図2】本開示の第1の実施形態に係る清掃装置のハードウェア構成の一例を示すブロック図である。
図3】本開示の第1の実施形態に係る清掃システムの機能的構成の一例を示す機能ブロック図である。
図4】本開示の第1の実施形態に係る清掃プログラムの流れの一例を示すフローチャートである。

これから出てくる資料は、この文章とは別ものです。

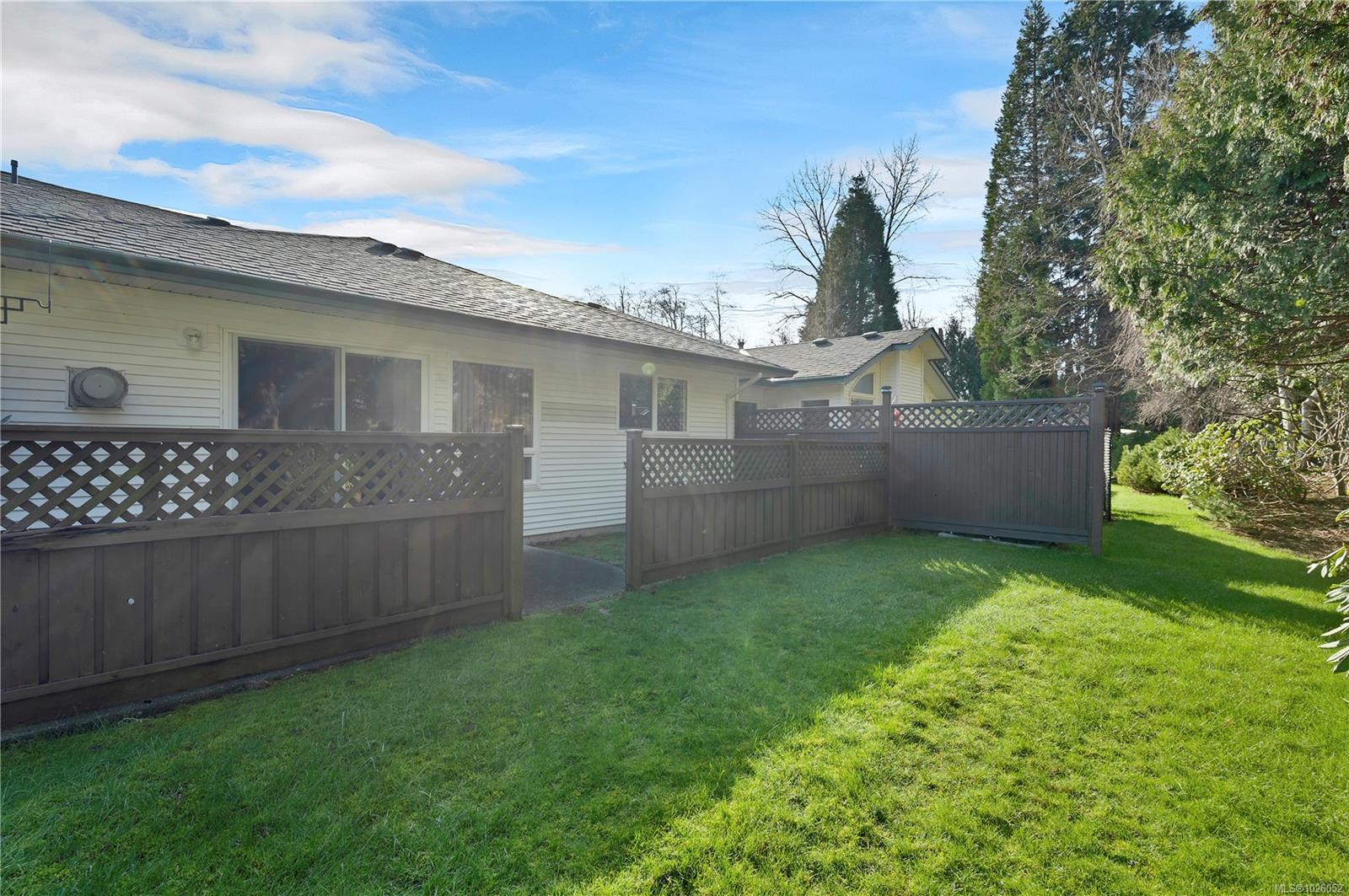 396 Harrogate Rd # 11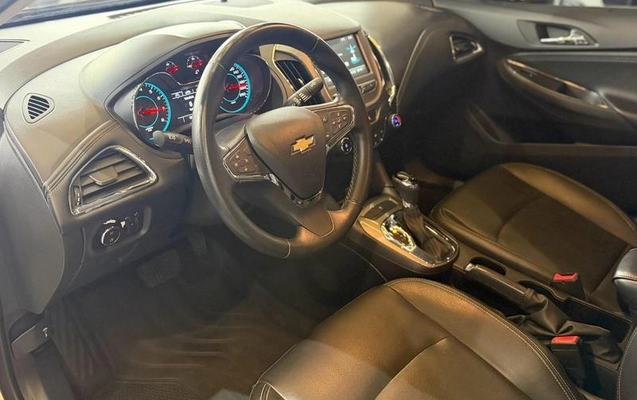imagem-https://www.socarrao.com.br/sc-vehicle-images-prod/3346938/1787257151235-8401058_6_B_5a5c356439.jpeg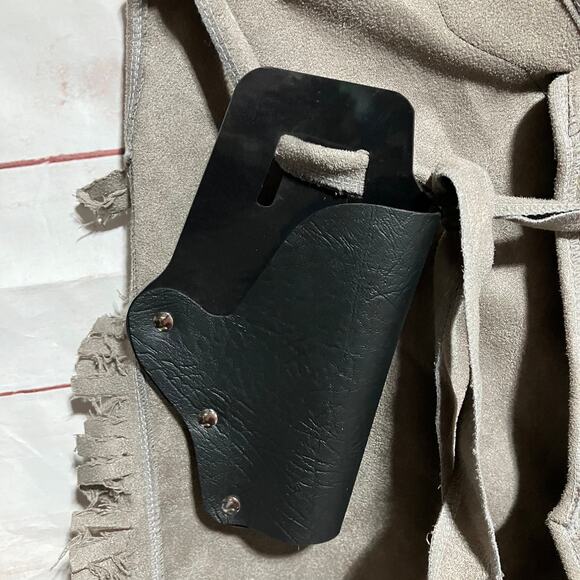 Child’s Gray Cowboy Costume with Vest, Chaps, and Holsters Size Med 7 - 10 Years - Picture 12 of 13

図5】第1の実施形態に係る「清掃効果判定処理」の流れの一例を示すフローチャートである。
図6】本開示の第2の実施形態に係る清掃プログラムの流れの一例を示すフローチャートである。
図7】第2の実施形態に係る「汚れ検出処理」の流れの一例を示すフローチャートである。
図8】(A)及び(B)は汚れ検出の一例を示す模式図である。
図9】(A)~(C)は汚れ検出の他の一例を示す模式図である。
図10】(A)及び(B)は汚れ検出の他の一例を示す模式図である。
図11】本開示の第3の実施形態に係る「清掃効果判定処理」の流れの一例を示すフローチャートである。
図12】第3の実施形態に係る「追加汚れ検出処理」の流れの一例を示すフローチャートである。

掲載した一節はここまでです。